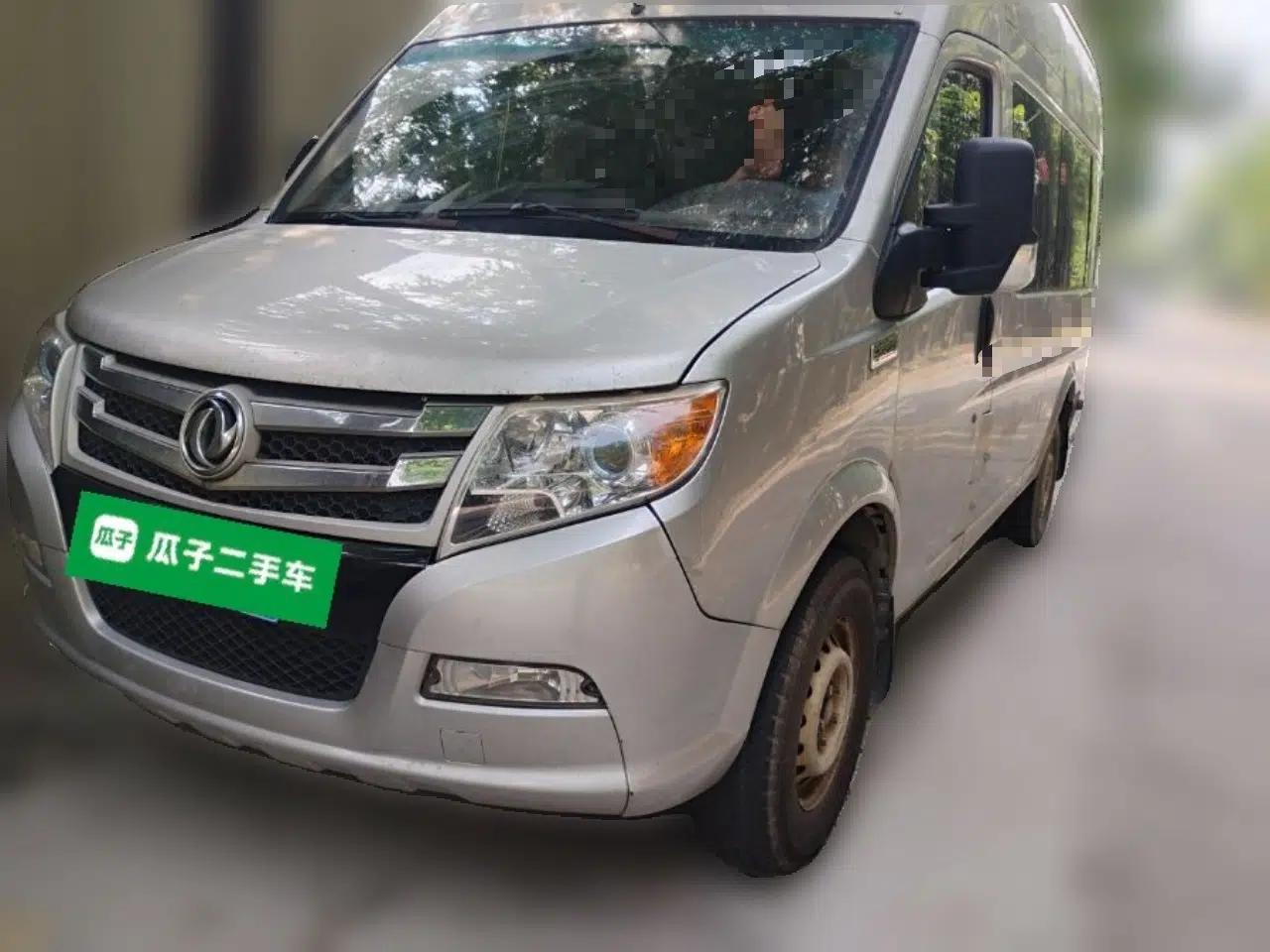 Dongfeng Yufeng 2020 2.5T V9 Logistics Vehicle Long Wheelbase High Roof 6-9 Seater China V Emission Standard ZD25 — миниатюра 1
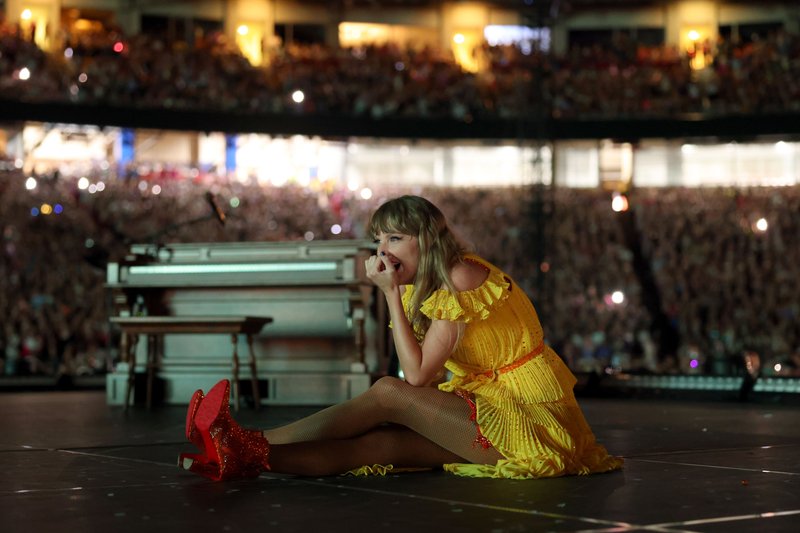 Taylor Swift — July 7 - Kansas City, Missouri — photo 66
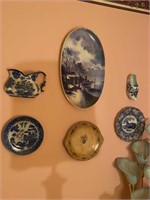 Six pieces of blue and white China on the wall in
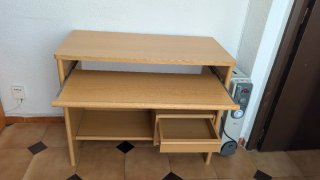 Escritorio madera con cajones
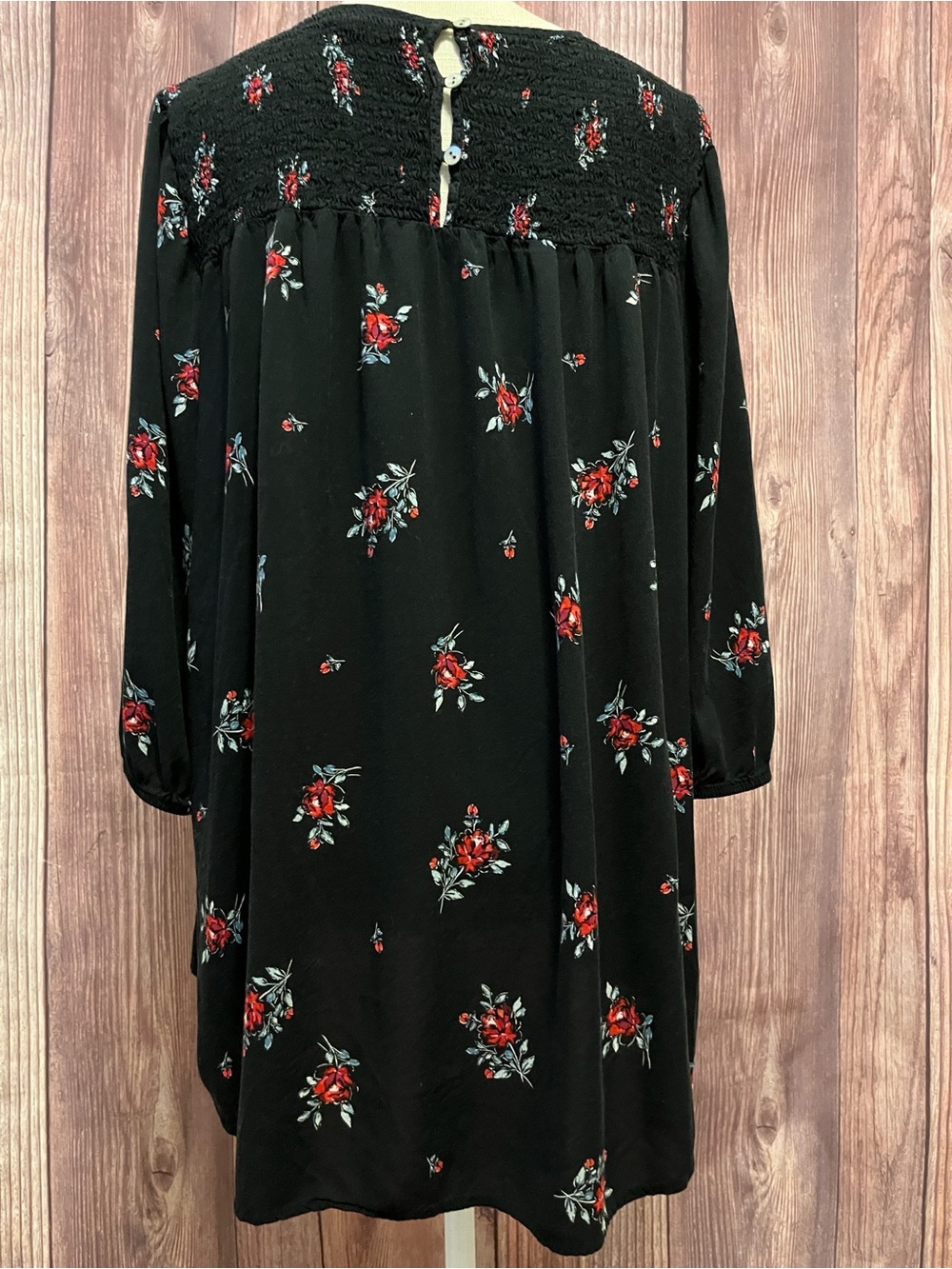 J. Jill Black Three Quarter-Sleeve Floral Smocked Yoke Top - Picture 4 of 7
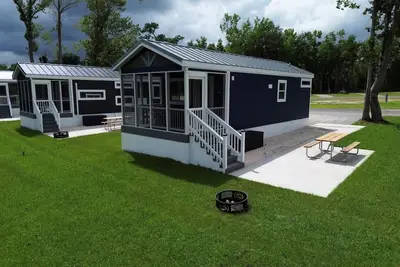 Image de Lake View Cabin, 2 Bedrooms, 13 miles from Jacksonville!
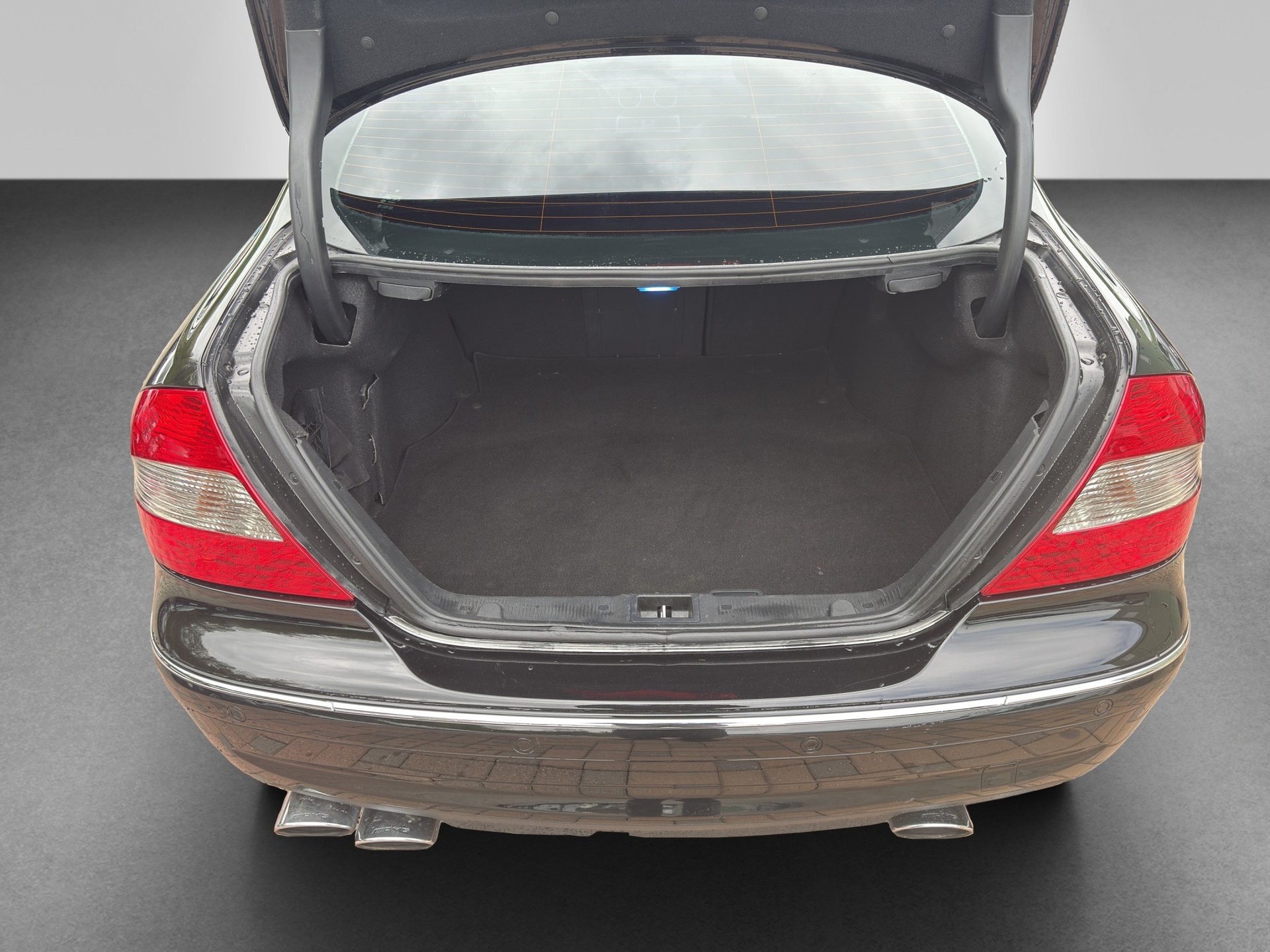 MERCEDES-BENZ CLK 63 AMG Avantgarde 7G-Tronic-image-16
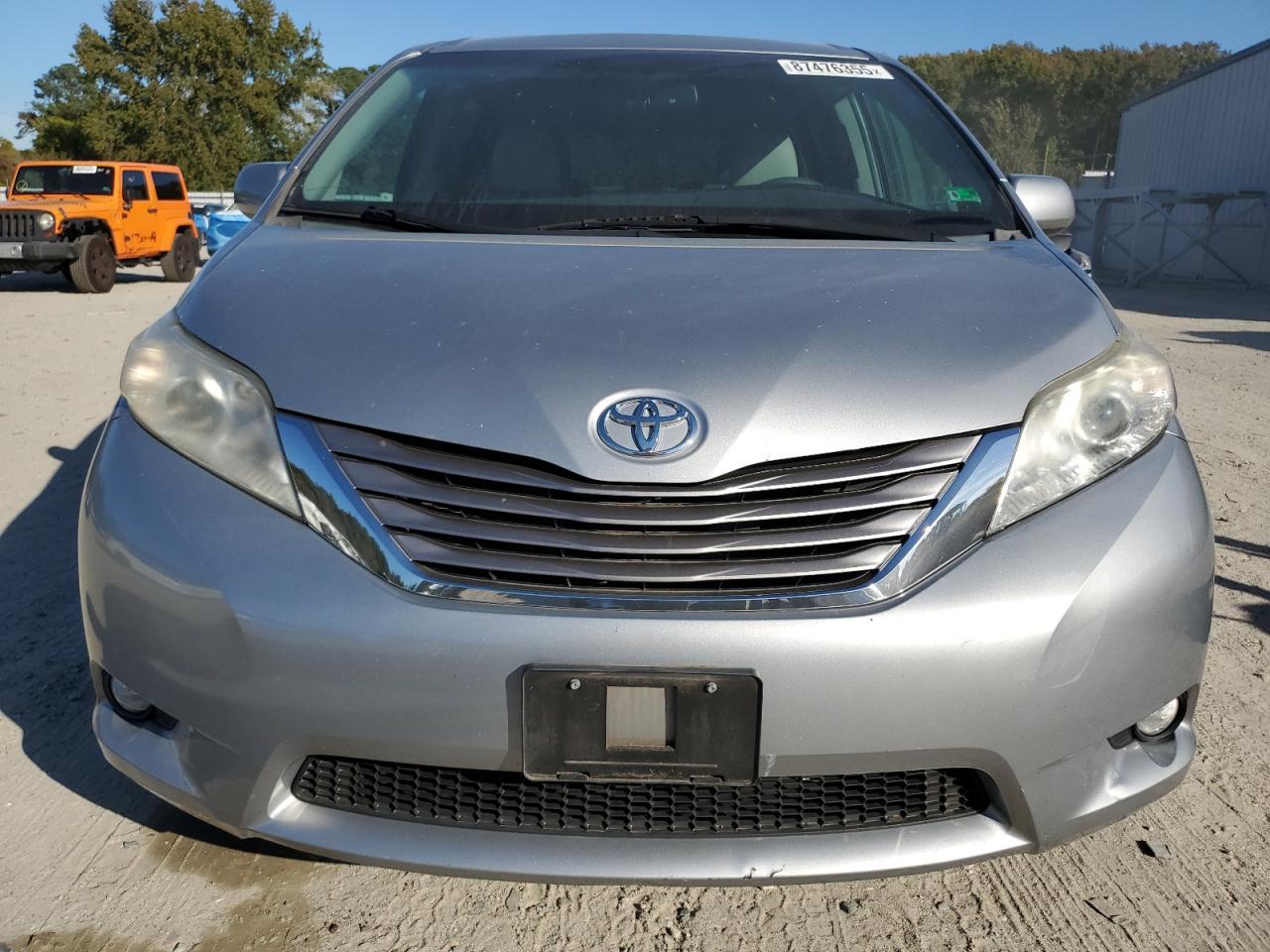 2015 TOYOTA SIENNA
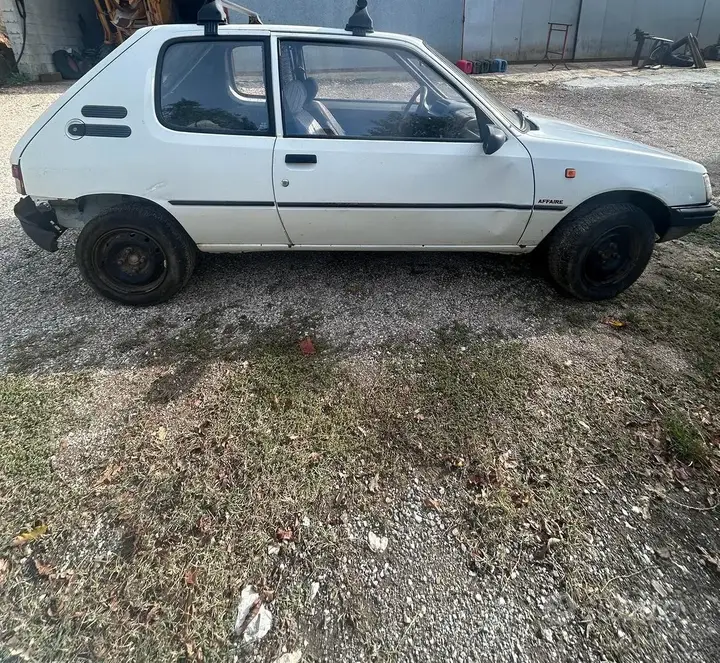 Peugeot 205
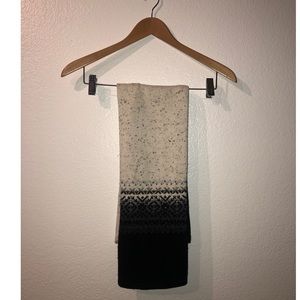 Talbots 10% wool Scarf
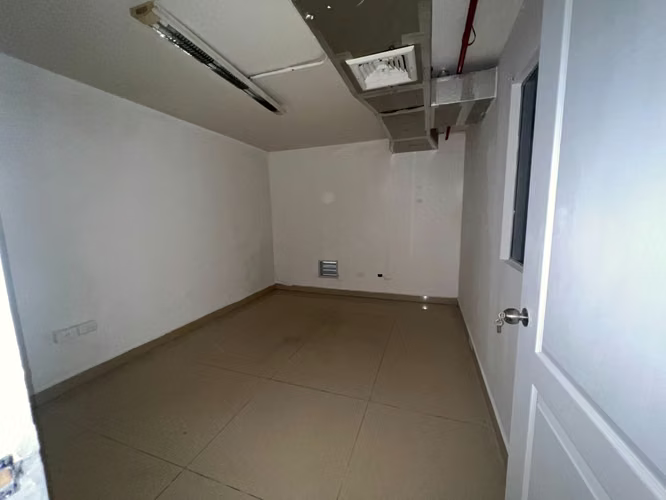 LOCAL COMERCIAL EN ALQUILER – CONDADO BUSINESS CENTER, CONDADO DEL REY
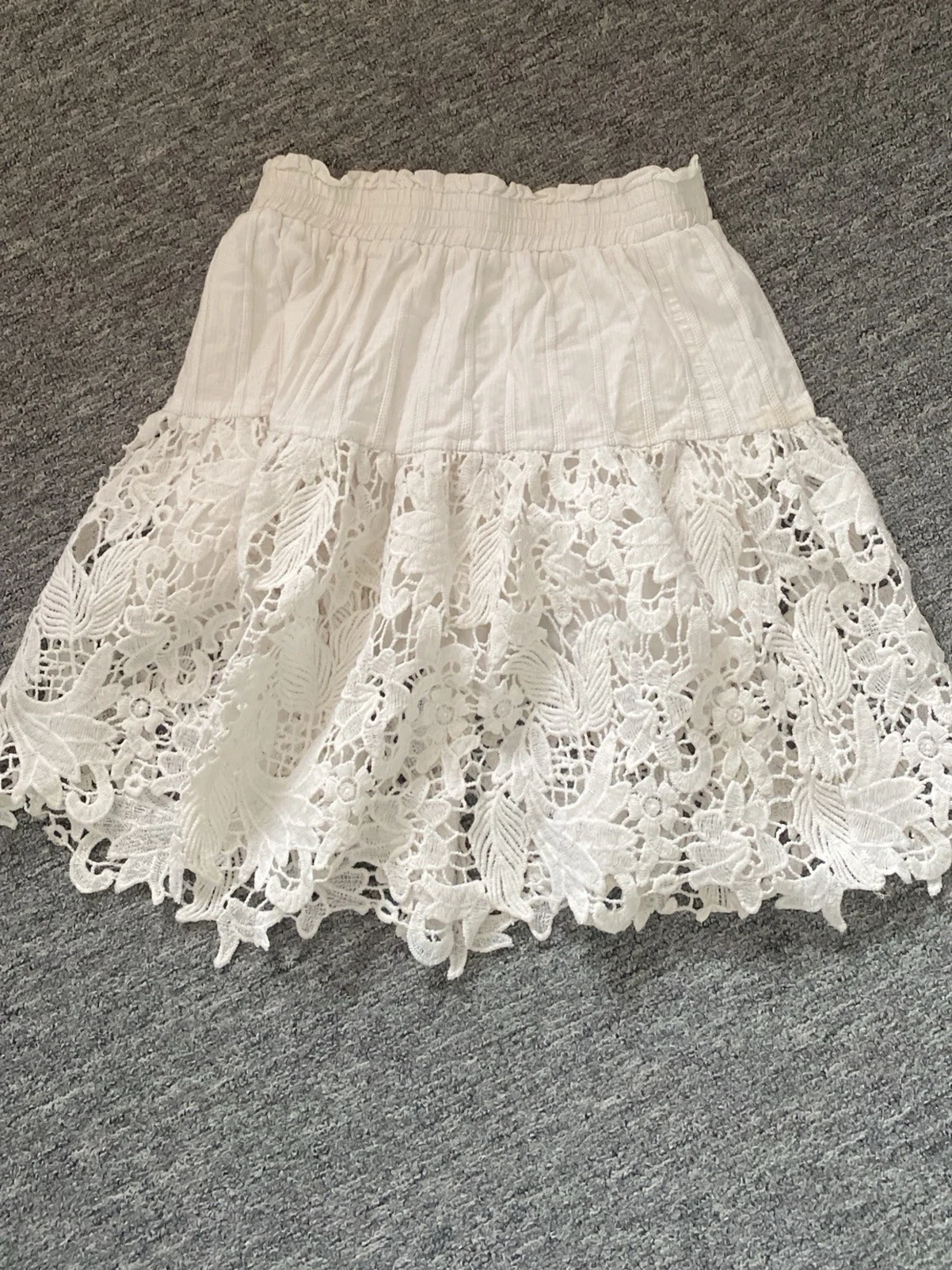 Kjol med spetsliknande blommor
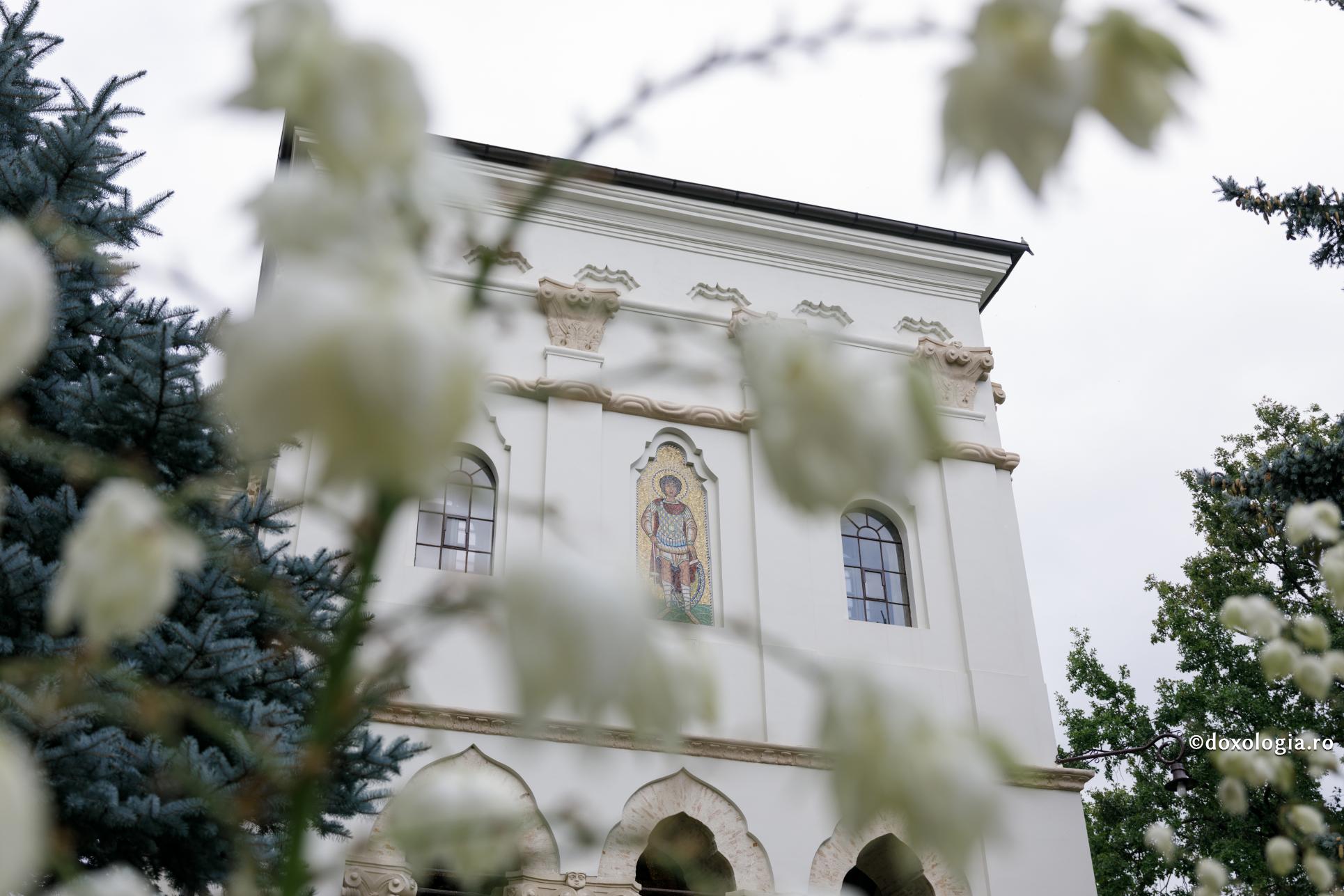 În noaptea de Înviere se slujește în limba slavonă la Catedrala Veche din Iași, pentru refugiații ucraineni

*REQUIRED ACTION*. Once the pictures are removed, reproduce the remaining entries above exactly.

*EXPECTED OUTPUT*.
 Dongfeng Yufeng 2020 2.5T V9 Logistics Vehicle Long Wheelbase High Roof 6-9 Seater China V Emission Standard ZD25 — миниатюра 1
 Taylor Swift — July 7 - Kansas City, Missouri — photo 66
 Six pieces of blue and white China on the wall in
 Escritorio madera con cajones
 J. Jill Black Three Quarter-Sleeve Floral Smocked Yoke Top - Picture 4 of 7
 Image de Lake View Cabin, 2 Bedrooms, 13 miles from Jacksonville!
 MERCEDES-BENZ CLK 63 AMG Avantgarde 7G-Tronic-image-16
 2015 TOYOTA SIENNA
 Peugeot 205
 Talbots 10% wool Scarf
 LOCAL COMERCIAL EN ALQUILER – CONDADO BUSINESS CENTER, CONDADO DEL REY
 Kjol med spetsliknande blommor
 În noaptea de Înviere se slujește în limba slavonă la Catedrala Veche din Iași, pentru refugiații ucraineni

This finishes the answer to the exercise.